A couple of days ago, we went to a large local park late in the afternoon with the kids. Dh told the older kids he would play some baseball with them in one of the fields, which they were all looking forward to. The problem was, they kept having to find new fields to play on, as more and more teams came out to practice, and said they had reserved the field. (All lacrosse teams ? I never had even heard of lacrosse when I was a kid. Since when did that become so popular?) It got me thinking about how these kids were reflective of the trend all over the country, with kids being super busy with scheduled activities, versus lots of time for free play.
When I was a kid and when we went to a park, we ended up playing with other kids there. We had pickup games in our neighborhood when a bunch of kids happened to be outside at the same time, which wasn’t unusual. But nowadays, it’s getting increasingly rare to see kids playing outside; the vast majority of kids have structured activities for after school is over. A kid who wants to have a pickup game with neighbors is a kid who’s going to be waiting a long time!
We all have a tendency to go along with what everyone else is doing, without really thinking about if it’s a good thing or not. And parents just want to do the best thing for their kids. The message nowadays is, kids need all of this structured activity at a very young age to be competitive as they get older, that an early start is a head start. If you don’t put your three year old in ice skating or ballet, the concern is that they will be hopelessly behind when they get to be 10 and there’s no class that’s suitable for their level. I wonder how much parents have thought about the benefit to kids in this approach. Societally we now see so many kids who end up with frantically overcrowded days, rushing from school to extra curricular activities most days of the week. When so many kids need planners to keep track of their social/extra curricular lives, is that a good thing? Does it encourage emotional balance and family togetherness?
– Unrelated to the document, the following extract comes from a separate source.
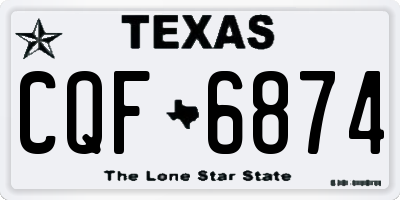 TX license plate CQF6874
I don’t think so. In fact, I think it’s harmful and damaging to kids when we take away their childhoods by scheduling their days so full that most adults would be overwhelmed by it. Kids need time to be bored, time to learn how to fill their own time and entertain themselves. They need the time to relax and let go of the tension of the day, and time to get to be comfortable in their own skin without the constant busy-ness to keep them from knowing themselves. Free time is supposed to be an integral part of being a child (at least in first world countries). There used to be a saying, “Early ripe, early rot”. Precocity wasn’t viewed as a good thing. Now parents strive to outdo each other with who is busier than the next person, whose child is in more activities and has a fuller schedule, and whose child is on a more advanced level than another’s. It’s almost a prestige thing, when you hear moms comparing whose child is doing more. But when are we going to recognize the insanity of this approach, and give our children the time they deserve to just be?